-- Opening Marker --
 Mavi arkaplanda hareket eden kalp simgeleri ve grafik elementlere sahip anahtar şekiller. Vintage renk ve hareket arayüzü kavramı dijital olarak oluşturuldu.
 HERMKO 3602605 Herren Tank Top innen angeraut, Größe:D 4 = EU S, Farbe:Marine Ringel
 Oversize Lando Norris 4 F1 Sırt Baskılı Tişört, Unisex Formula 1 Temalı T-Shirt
-- Closing Marker --
-- Opening Marker --
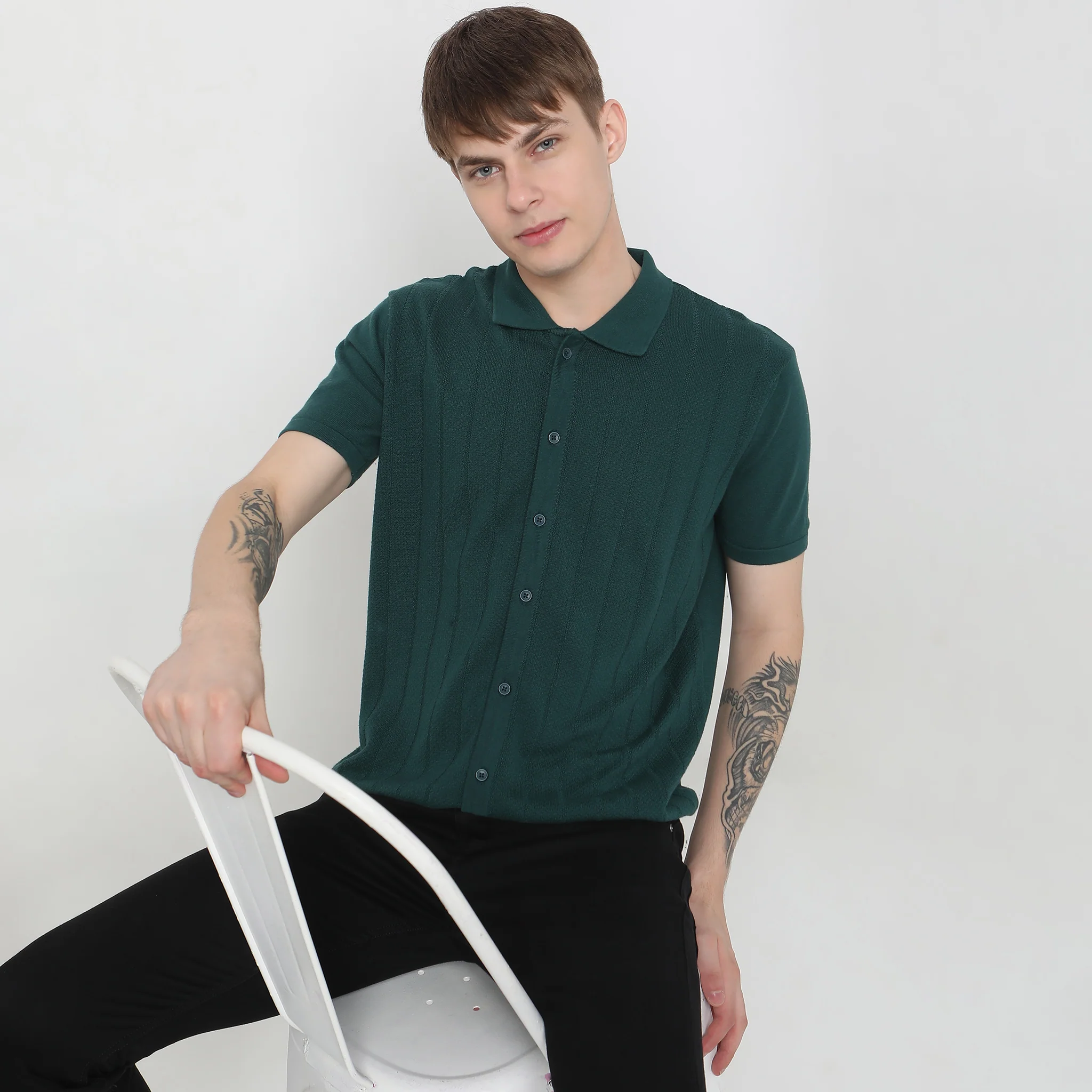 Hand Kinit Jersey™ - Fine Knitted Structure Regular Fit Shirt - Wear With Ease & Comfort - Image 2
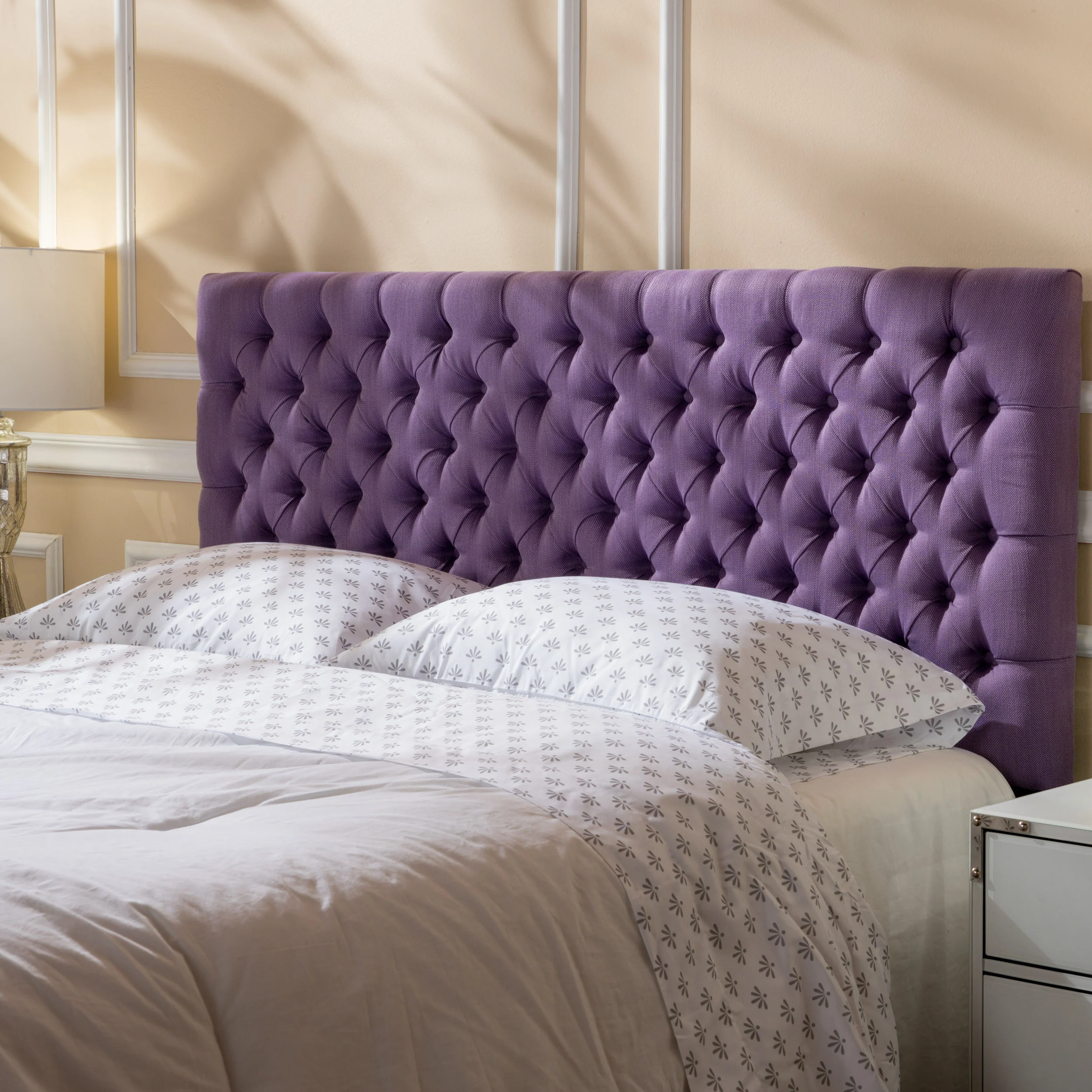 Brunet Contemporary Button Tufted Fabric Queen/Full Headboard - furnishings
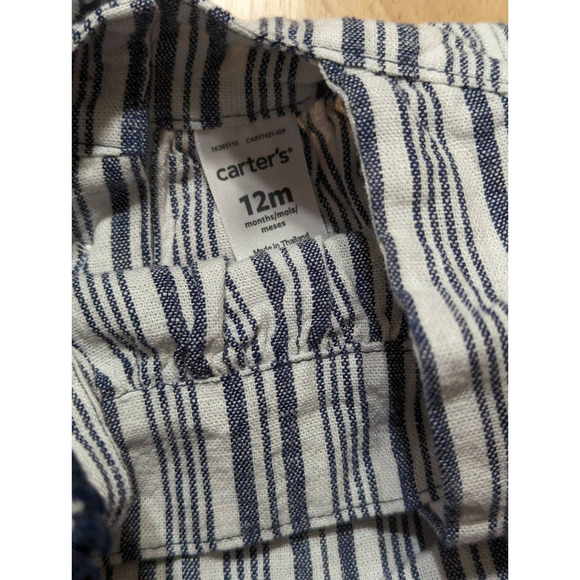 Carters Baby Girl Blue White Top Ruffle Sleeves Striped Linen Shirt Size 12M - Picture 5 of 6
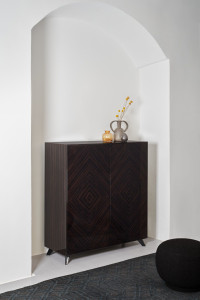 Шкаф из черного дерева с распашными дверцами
-- Closing Marker --
-- Opening Marker --
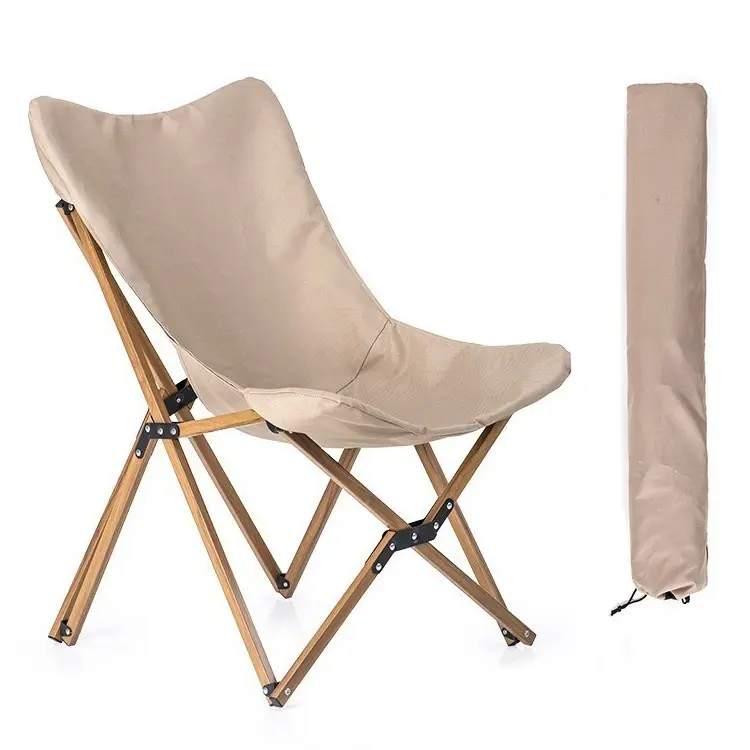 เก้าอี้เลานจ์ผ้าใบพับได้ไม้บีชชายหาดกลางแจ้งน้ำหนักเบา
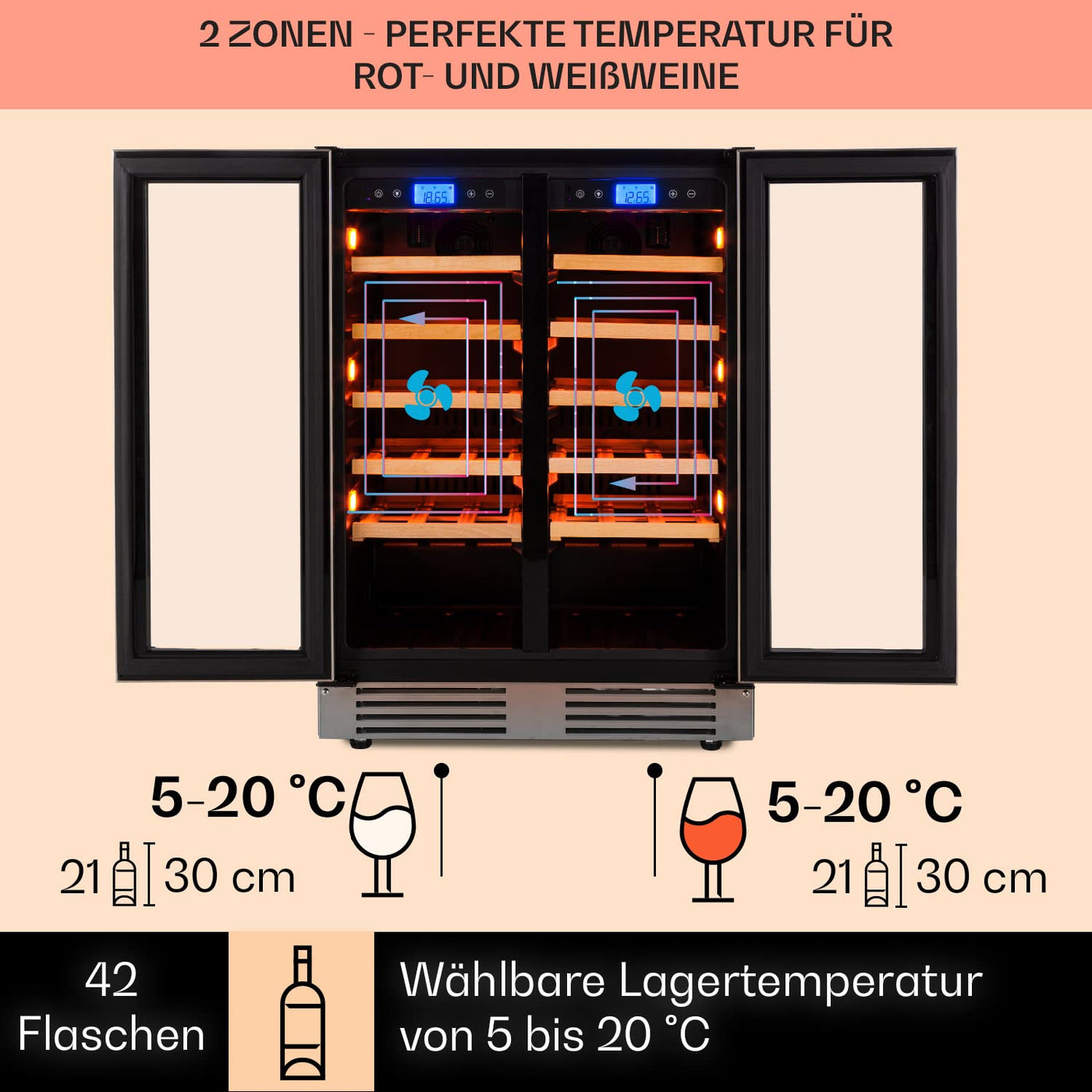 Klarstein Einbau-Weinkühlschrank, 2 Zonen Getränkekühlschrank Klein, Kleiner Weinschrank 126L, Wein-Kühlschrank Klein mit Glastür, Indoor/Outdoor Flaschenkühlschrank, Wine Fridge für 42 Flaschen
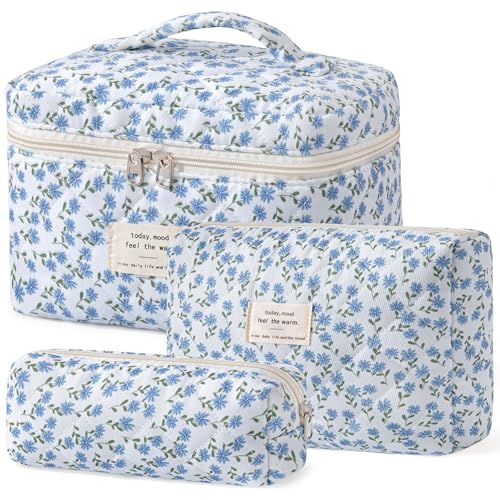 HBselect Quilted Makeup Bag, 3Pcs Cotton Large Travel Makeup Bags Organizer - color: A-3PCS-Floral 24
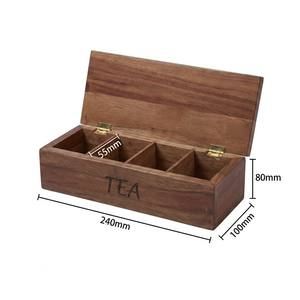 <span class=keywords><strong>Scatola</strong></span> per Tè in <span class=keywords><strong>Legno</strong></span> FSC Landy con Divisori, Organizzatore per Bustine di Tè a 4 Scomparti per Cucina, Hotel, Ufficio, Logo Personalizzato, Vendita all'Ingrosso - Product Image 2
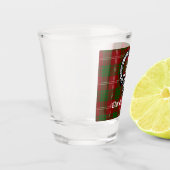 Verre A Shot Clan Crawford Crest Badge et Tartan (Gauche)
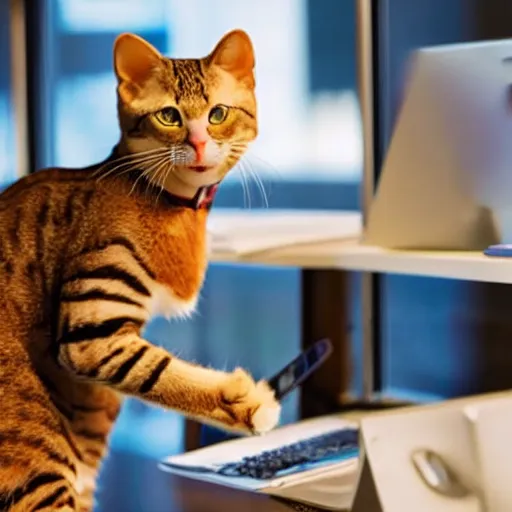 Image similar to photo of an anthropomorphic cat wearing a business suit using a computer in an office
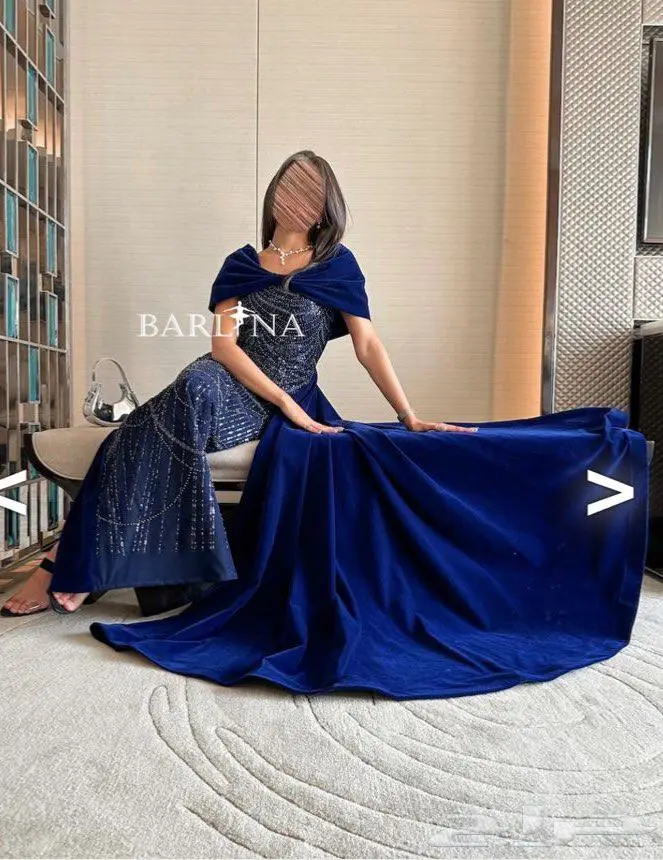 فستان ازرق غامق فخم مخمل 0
-- Closing Marker --
[WHAT NEEDS TO BE DONE] Working from the material above, restate word for word the lines between the line with "Mavi arkaplanda hareket" and the line with "Oversize Lando Norris", both included, and only those.

[COMPLETED TASK]
 Mavi arkaplanda hareket eden kalp simgeleri ve grafik elementlere sahip anahtar şekiller. Vintage renk ve hareket arayüzü kavramı dijital olarak oluşturuldu.
 HERMKO 3602605 Herren Tank Top innen angeraut, Größe:D 4 = EU S, Farbe:Marine Ringel
 Oversize Lando Norris 4 F1 Sırt Baskılı Tişört, Unisex Formula 1 Temalı T-Shirt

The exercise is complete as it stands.